** Opening Material supplied block **
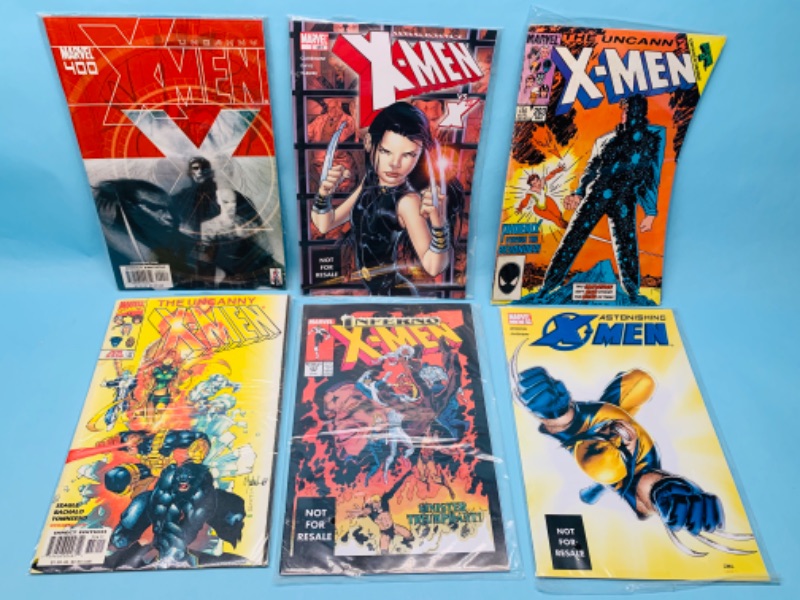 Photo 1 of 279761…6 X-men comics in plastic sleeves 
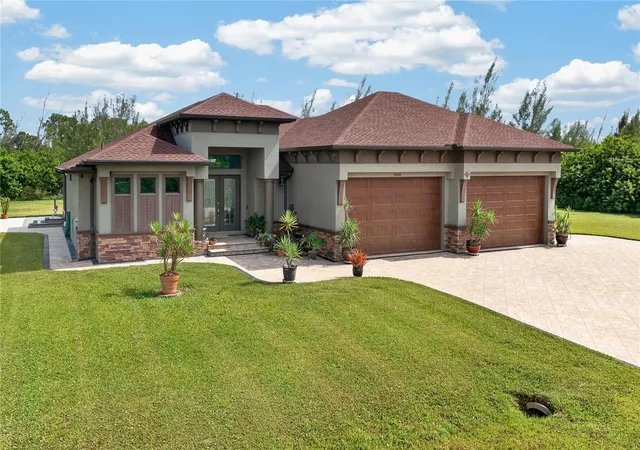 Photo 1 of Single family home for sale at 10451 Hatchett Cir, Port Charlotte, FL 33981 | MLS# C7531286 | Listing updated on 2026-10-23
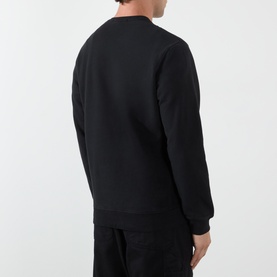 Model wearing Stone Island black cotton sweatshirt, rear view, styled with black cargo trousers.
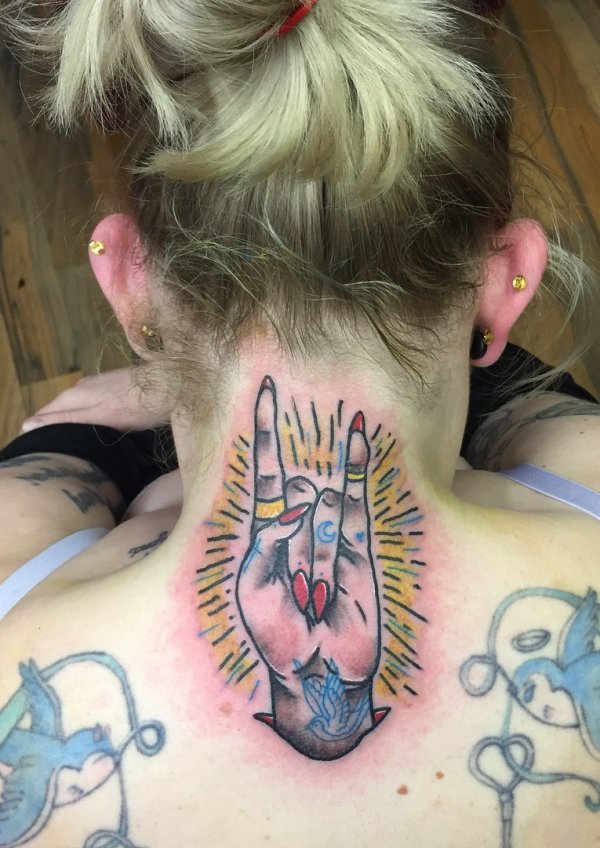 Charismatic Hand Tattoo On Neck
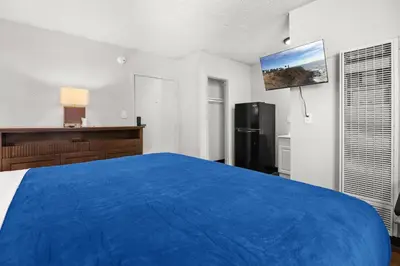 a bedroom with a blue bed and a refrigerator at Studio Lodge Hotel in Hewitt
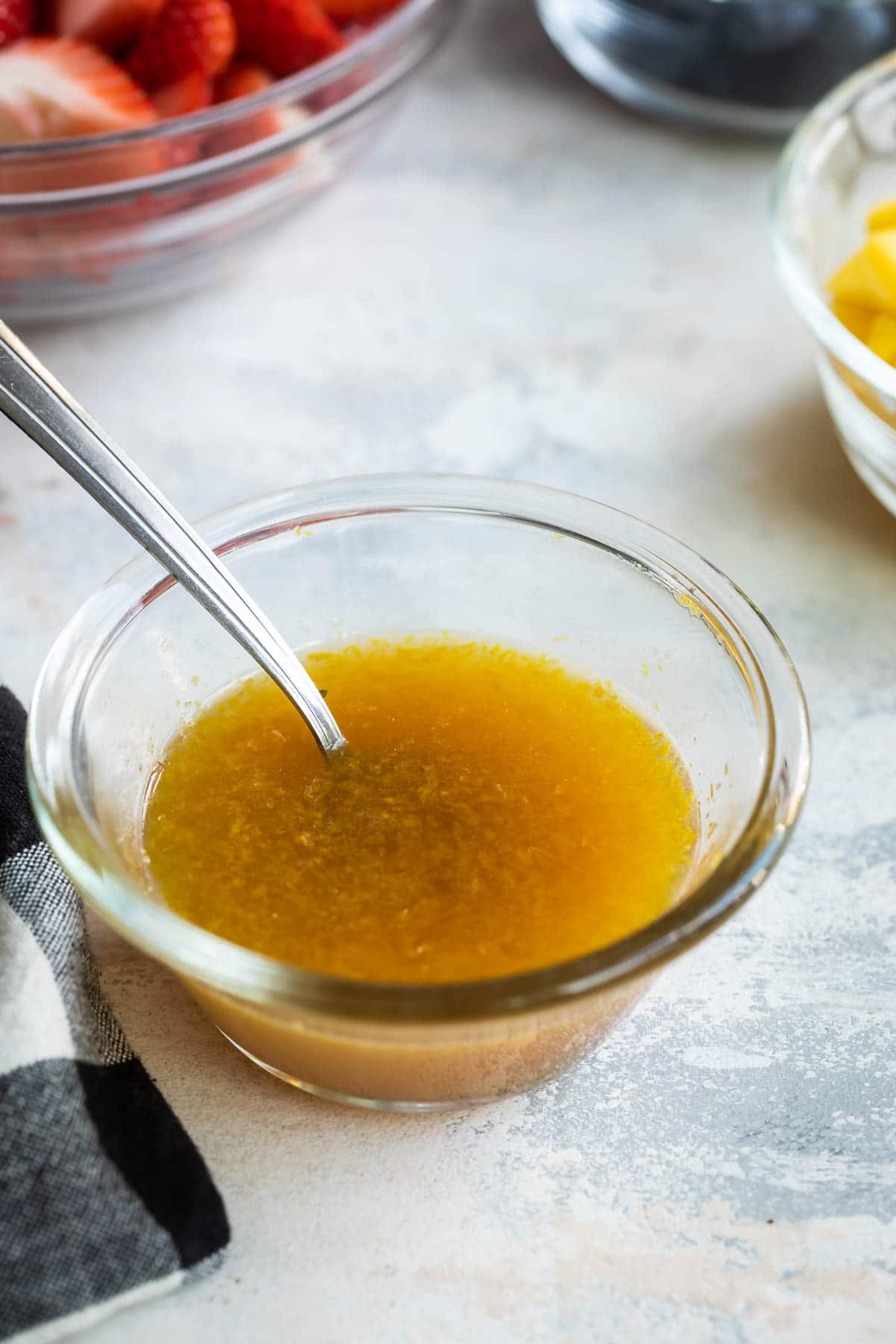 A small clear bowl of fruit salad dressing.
** Closing Material supplied block **
The lines from the top of the data above through the one holding "Photo 1 of Single" are to be repeated exactly, and only those, with no pictures.

 Photo 1 of 279761…6 X-men comics in plastic sleeves 
 Photo 1 of Single family home for sale at 10451 Hatchett Cir, Port Charlotte, FL 33981 | MLS# C7531286 | Listing updated on 2026-10-23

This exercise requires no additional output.